* EXERCISE AIM
From the line containing "CPA Ecole Francaise" down to the last line of the data, output each line word for word and include nothing else.

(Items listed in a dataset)

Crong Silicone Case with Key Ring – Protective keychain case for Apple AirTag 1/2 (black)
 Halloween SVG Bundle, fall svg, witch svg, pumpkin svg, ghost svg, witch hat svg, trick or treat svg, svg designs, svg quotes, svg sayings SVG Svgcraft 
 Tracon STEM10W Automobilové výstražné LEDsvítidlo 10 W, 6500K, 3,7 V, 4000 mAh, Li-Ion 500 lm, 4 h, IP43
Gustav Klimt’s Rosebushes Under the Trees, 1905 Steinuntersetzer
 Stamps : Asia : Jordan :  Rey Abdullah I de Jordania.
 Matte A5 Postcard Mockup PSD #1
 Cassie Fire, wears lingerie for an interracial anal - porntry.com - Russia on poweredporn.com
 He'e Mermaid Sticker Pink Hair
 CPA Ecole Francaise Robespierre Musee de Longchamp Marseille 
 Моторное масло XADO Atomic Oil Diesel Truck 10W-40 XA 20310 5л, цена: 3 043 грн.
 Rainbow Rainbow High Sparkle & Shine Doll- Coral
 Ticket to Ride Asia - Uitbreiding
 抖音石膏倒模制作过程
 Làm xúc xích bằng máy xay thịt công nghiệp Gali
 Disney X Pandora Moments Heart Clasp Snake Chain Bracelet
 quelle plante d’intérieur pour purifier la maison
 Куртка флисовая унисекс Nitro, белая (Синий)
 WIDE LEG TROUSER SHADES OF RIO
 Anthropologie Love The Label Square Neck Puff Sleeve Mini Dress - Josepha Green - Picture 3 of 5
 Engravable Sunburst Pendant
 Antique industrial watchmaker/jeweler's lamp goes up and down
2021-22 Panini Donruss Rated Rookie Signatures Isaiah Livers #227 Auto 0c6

* ANSWER FOR THE TASK
 CPA Ecole Francaise Robespierre Musee de Longchamp Marseille 
 Моторное масло XADO Atomic Oil Diesel Truck 10W-40 XA 20310 5л, цена: 3 043 грн.
 Rainbow Rainbow High Sparkle & Shine Doll- Coral
 Ticket to Ride Asia - Uitbreiding
 抖音石膏倒模制作过程
 Làm xúc xích bằng máy xay thịt công nghiệp Gali
 Disney X Pandora Moments Heart Clasp Snake Chain Bracelet
 quelle plante d’intérieur pour purifier la maison
 Куртка флисовая унисекс Nitro, белая (Синий)
 WIDE LEG TROUSER SHADES OF RIO
 Anthropologie Love The Label Square Neck Puff Sleeve Mini Dress - Josepha Green - Picture 3 of 5
 Engravable Sunburst Pendant
 Antique industrial watchmaker/jeweler's lamp goes up and down
2021-22 Panini Donruss Rated Rookie Signatures Isaiah Livers #227 Auto 0c6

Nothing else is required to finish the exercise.